Patients and methods: To address this question, we performed a cross-sectional study using a convenience sample of Sri Lankan adult females (n=34) and collected anthropometric data, adipose tissue specimens (for histology), and fasted serum samples (for metabolic and inflammatory markers). Hepatic steatosis was assessed by ultrasound scanning and used to classify participants as NAFL 0, NAFL 1, and NAFL 2.
Results: Waist circumference significantly increased with increasing NAFL grade.
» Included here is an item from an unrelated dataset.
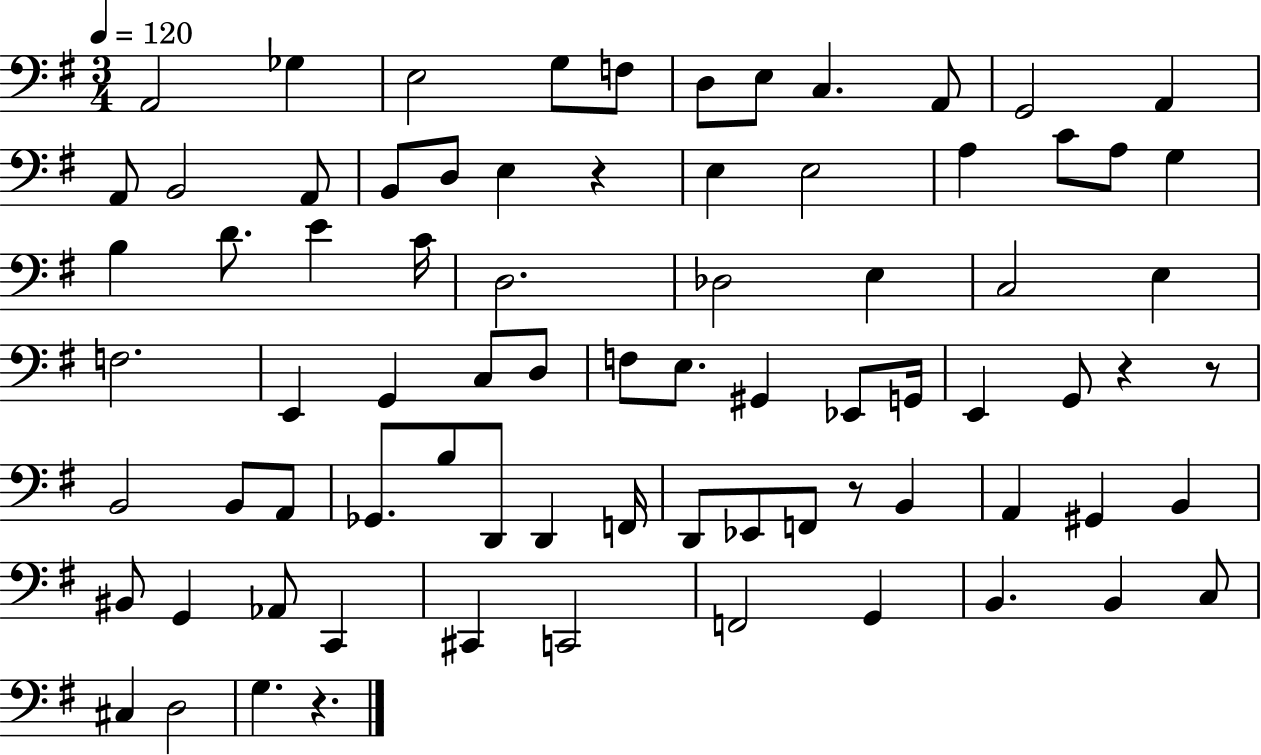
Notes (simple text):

Participants with NAFL had significantly higher body mass index, hip circumference, and fasting plasma glucose, as well as a higher mean adipocyte area in both abdominal subcutaneous and visceral areas, indicating a higher degree of adipocyte hypertrophy associated with fatty liver. There were, however, no differences in measures of dyslipidemia. Of the multiple adipokines measured, resistin was the only proinflammatory adipokine significantly elevated in NAFL 2.
Conclusion: These findings indicate that measures of adiposity, fasting serum glucose, and resistin may be important indicators of NAFLD in South Asian women.